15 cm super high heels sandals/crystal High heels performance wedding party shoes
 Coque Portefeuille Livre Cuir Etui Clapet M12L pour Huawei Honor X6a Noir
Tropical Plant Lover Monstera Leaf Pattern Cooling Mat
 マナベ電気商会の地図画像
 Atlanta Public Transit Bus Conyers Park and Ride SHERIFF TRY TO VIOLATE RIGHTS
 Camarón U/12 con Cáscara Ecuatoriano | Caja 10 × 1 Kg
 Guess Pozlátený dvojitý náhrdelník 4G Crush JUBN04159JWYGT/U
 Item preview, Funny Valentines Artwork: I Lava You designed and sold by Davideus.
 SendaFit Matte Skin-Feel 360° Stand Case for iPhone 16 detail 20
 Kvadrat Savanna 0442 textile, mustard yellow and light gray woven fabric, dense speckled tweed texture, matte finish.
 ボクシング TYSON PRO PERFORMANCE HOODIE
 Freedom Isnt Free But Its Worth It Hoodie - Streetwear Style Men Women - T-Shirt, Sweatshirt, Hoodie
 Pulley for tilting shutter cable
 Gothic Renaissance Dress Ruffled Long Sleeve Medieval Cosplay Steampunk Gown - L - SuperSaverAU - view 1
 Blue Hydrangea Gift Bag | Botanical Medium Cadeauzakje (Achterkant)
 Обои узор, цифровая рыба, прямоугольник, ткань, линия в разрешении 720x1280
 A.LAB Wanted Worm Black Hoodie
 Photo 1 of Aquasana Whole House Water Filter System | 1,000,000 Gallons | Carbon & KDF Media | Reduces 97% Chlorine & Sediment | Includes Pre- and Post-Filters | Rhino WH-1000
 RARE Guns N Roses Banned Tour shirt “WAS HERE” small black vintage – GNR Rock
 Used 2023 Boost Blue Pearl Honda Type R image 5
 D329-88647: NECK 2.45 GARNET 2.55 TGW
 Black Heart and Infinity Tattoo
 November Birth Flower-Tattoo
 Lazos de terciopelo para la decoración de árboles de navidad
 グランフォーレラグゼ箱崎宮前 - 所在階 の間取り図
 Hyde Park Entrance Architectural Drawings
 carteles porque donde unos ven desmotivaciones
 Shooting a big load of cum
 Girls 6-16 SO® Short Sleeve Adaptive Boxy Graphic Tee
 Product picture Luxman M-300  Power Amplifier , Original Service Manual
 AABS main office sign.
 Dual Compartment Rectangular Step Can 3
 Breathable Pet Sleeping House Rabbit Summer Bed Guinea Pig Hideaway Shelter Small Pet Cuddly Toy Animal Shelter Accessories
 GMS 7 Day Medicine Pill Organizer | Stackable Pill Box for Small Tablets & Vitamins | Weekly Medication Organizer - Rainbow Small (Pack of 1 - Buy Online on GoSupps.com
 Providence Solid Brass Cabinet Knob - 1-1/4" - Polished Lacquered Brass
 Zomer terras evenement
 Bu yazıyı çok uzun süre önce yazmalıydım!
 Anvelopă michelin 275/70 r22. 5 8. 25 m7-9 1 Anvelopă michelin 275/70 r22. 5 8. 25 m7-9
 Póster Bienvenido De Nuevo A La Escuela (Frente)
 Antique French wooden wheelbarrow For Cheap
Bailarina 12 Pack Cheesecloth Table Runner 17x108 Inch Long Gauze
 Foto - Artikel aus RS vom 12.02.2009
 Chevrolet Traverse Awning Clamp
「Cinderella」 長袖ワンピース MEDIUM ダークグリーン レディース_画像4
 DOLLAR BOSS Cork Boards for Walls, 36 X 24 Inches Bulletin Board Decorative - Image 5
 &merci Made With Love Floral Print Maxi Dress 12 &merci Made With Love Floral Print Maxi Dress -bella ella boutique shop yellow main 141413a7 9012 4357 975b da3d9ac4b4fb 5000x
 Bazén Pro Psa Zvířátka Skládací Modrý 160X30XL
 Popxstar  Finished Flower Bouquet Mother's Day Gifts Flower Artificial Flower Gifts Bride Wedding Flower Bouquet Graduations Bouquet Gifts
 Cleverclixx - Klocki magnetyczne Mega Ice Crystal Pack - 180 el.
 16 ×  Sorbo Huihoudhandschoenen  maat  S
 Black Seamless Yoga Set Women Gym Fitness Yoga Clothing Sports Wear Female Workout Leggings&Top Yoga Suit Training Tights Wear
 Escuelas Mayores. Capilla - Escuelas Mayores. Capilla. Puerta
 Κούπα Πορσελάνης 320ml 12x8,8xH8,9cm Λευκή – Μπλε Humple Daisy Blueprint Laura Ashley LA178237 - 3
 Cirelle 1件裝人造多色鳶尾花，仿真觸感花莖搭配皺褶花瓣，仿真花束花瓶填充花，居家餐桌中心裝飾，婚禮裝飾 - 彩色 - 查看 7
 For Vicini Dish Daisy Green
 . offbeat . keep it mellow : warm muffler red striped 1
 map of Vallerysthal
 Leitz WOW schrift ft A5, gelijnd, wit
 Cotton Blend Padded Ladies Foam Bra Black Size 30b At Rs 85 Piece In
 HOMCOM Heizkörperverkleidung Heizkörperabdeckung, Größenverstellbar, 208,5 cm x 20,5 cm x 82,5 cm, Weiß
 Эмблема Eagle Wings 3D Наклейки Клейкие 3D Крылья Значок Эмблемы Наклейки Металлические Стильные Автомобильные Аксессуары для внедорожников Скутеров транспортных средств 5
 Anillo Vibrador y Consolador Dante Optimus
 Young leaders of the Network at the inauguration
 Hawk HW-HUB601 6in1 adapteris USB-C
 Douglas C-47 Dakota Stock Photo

□ □ □ □

▸ **What you should do**
Retype exactly the lines from the start of the entries through the one with "November Birth Flower-Tattoo"; include both ends.

▸ **Task response**
15 cm super high heels sandals/crystal High heels performance wedding party shoes
 Coque Portefeuille Livre Cuir Etui Clapet M12L pour Huawei Honor X6a Noir
Tropical Plant Lover Monstera Leaf Pattern Cooling Mat
 マナベ電気商会の地図画像
 Atlanta Public Transit Bus Conyers Park and Ride SHERIFF TRY TO VIOLATE RIGHTS
 Camarón U/12 con Cáscara Ecuatoriano | Caja 10 × 1 Kg
 Guess Pozlátený dvojitý náhrdelník 4G Crush JUBN04159JWYGT/U
 Item preview, Funny Valentines Artwork: I Lava You designed and sold by Davideus.
 SendaFit Matte Skin-Feel 360° Stand Case for iPhone 16 detail 20
 Kvadrat Savanna 0442 textile, mustard yellow and light gray woven fabric, dense speckled tweed texture, matte finish.
 ボクシング TYSON PRO PERFORMANCE HOODIE
 Freedom Isnt Free But Its Worth It Hoodie - Streetwear Style Men Women - T-Shirt, Sweatshirt, Hoodie
 Pulley for tilting shutter cable
 Gothic Renaissance Dress Ruffled Long Sleeve Medieval Cosplay Steampunk Gown - L - SuperSaverAU - view 1
 Blue Hydrangea Gift Bag | Botanical Medium Cadeauzakje (Achterkant)
 Обои узор, цифровая рыба, прямоугольник, ткань, линия в разрешении 720x1280
 A.LAB Wanted Worm Black Hoodie
 Photo 1 of Aquasana Whole House Water Filter System | 1,000,000 Gallons | Carbon & KDF Media | Reduces 97% Chlorine & Sediment | Includes Pre- and Post-Filters | Rhino WH-1000
 RARE Guns N Roses Banned Tour shirt “WAS HERE” small black vintage – GNR Rock
 Used 2023 Boost Blue Pearl Honda Type R image 5
 D329-88647: NECK 2.45 GARNET 2.55 TGW
 Black Heart and Infinity Tattoo
 November Birth Flower-Tattoo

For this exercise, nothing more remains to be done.